PROBLEM TO SOLVE: Starting at the first line of the data, print each line verbatim up to and including the line bearing "Meow-elak på kattlej, roliga", omitting pictures.

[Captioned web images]
______
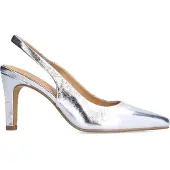 Manfield Zilverkleurige leren slingbacks | Maat 40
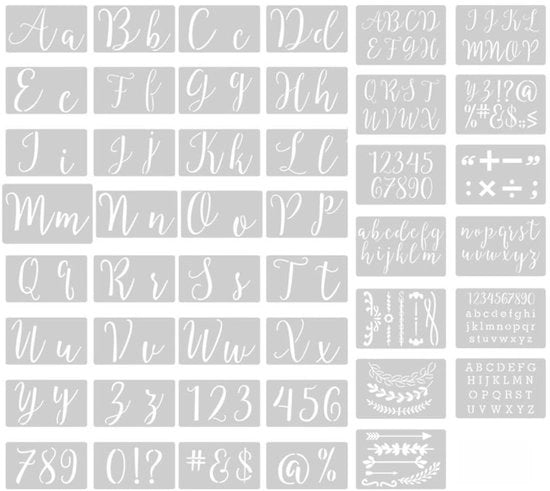 Serie di 45 stampe - Lettere di calligrafia riciclabili - Stencil per l'arte - Esigenze di pittura/gravure - Materiale PET premium - Duraturo e solido - Stencil lettere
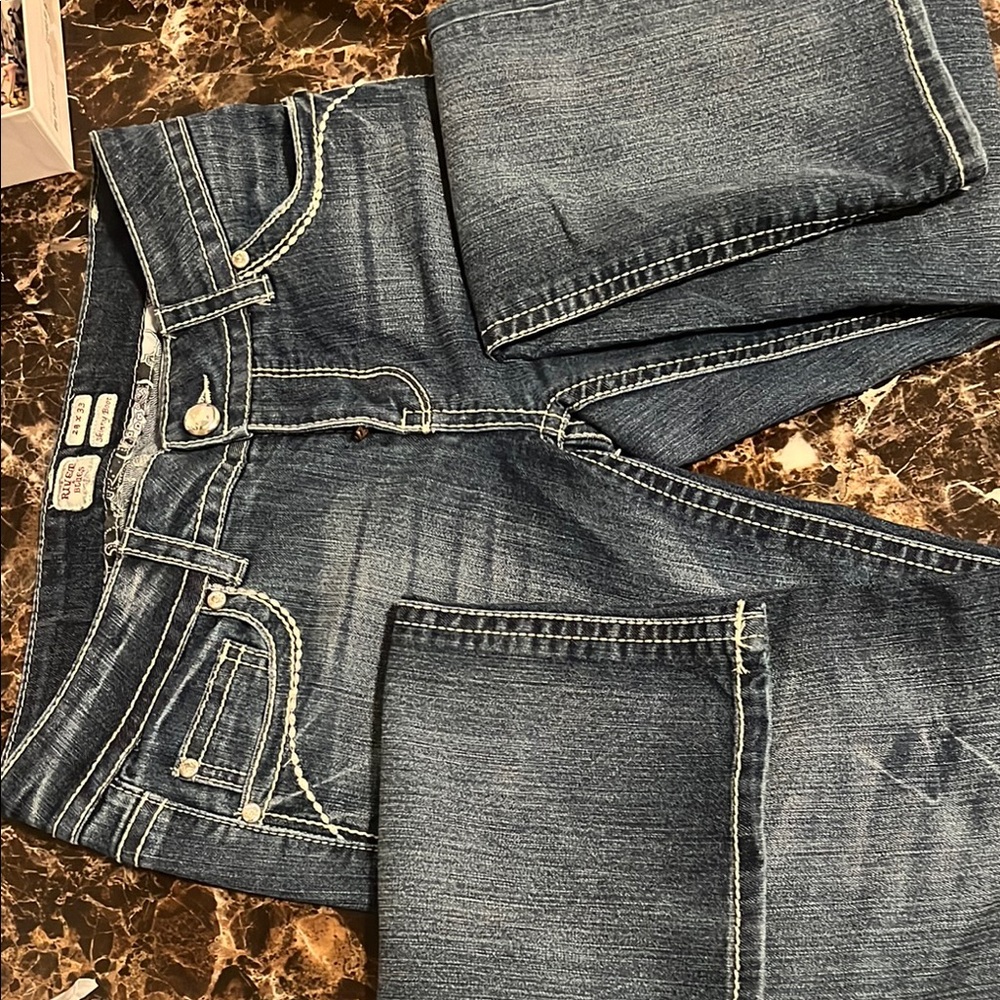 Rivet and Blues Blue Straight Leg Jeans with Vintage Stitching
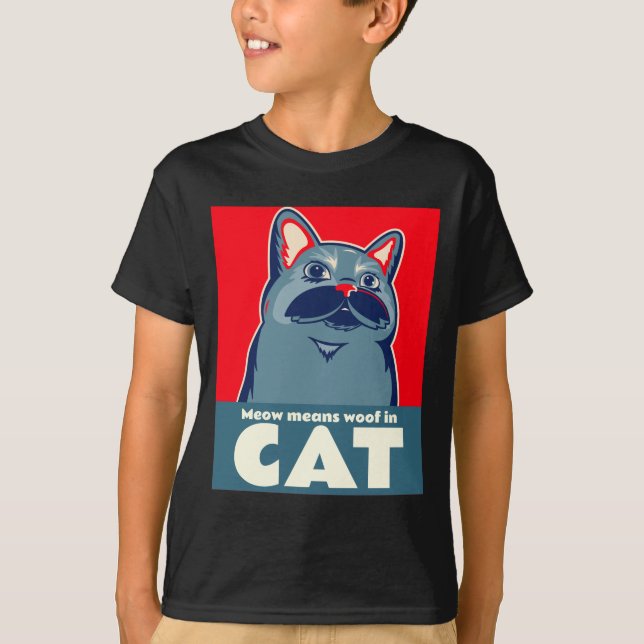 Meow-elak på kattlej, roliga citat T-Shirt (Framsida)
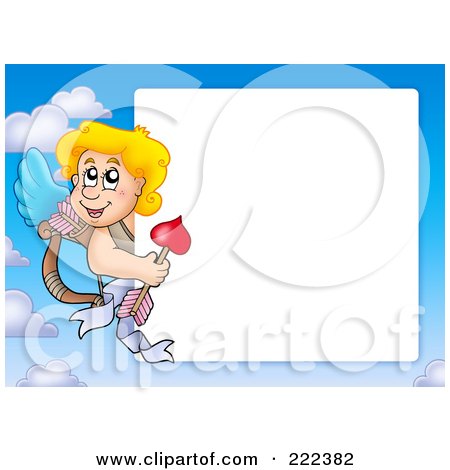 Royalty-Free (RF) Clipart Illustration of a Cupid And Sky Frame Border Around White Space - 14 by visekart
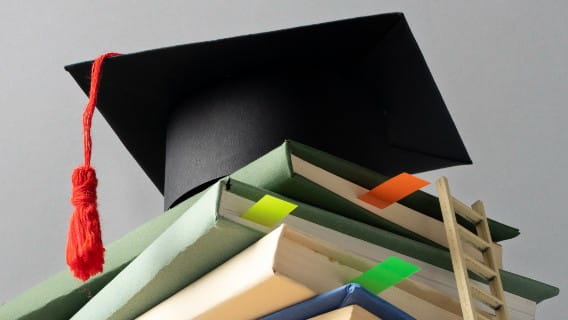 Graduation Cap and Books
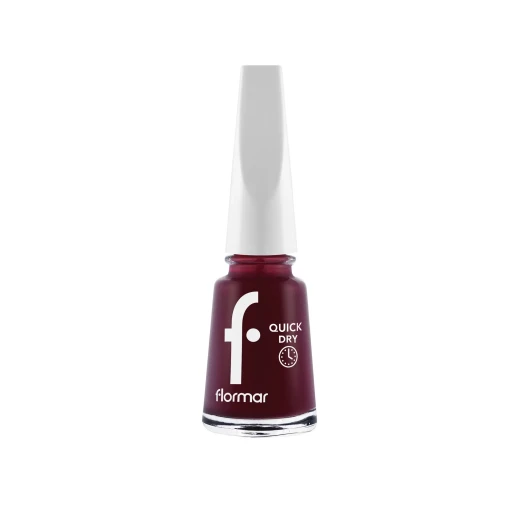 Flormar Quick Dry Nail Enamel Red Velvet QD22, Fast Drying, Shiny Finish, 11 ml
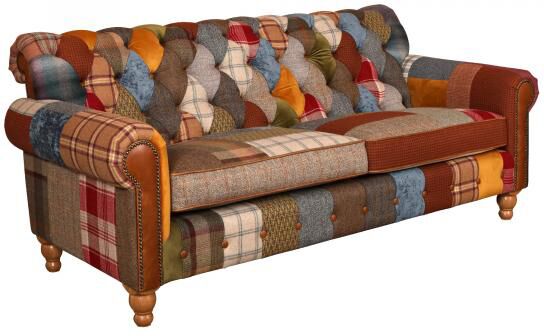 Dickinson 2 Seat Medium Sofa In Patchwork  Tan Leather With Mid Oak Legs | Shackletons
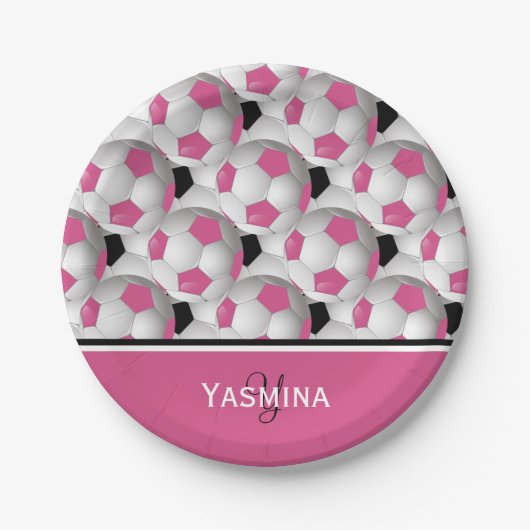Monogram Pink Black Soccer Ball Pattern Pappteller (Vorderseite)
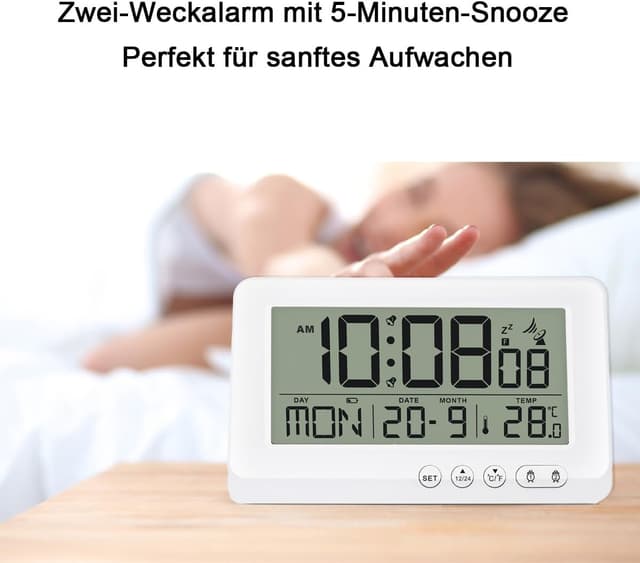 Thumbnail 4 de Teepacioka Funkwecker Digital 5-Minuten Snooze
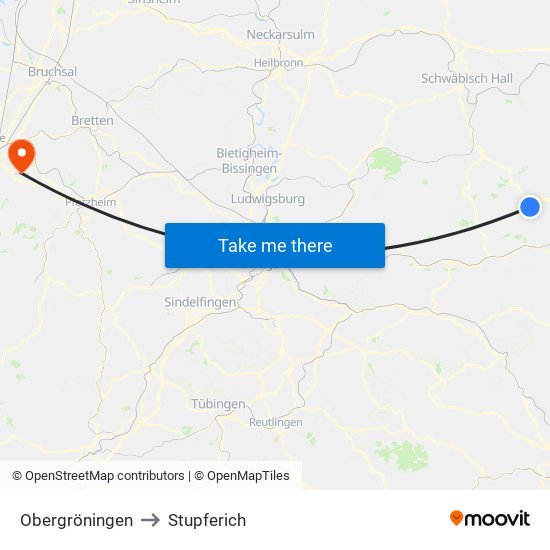 Obergröningen to Stupferich map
______
ANSWER TO THIS TASK:
 Manfield Zilverkleurige leren slingbacks | Maat 40
 Serie di 45 stampe - Lettere di calligrafia riciclabili - Stencil per l'arte - Esigenze di pittura/gravure - Materiale PET premium - Duraturo e solido - Stencil lettere
 Rivet and Blues Blue Straight Leg Jeans with Vintage Stitching
 Meow-elak på kattlej, roliga citat T-Shirt (Framsida)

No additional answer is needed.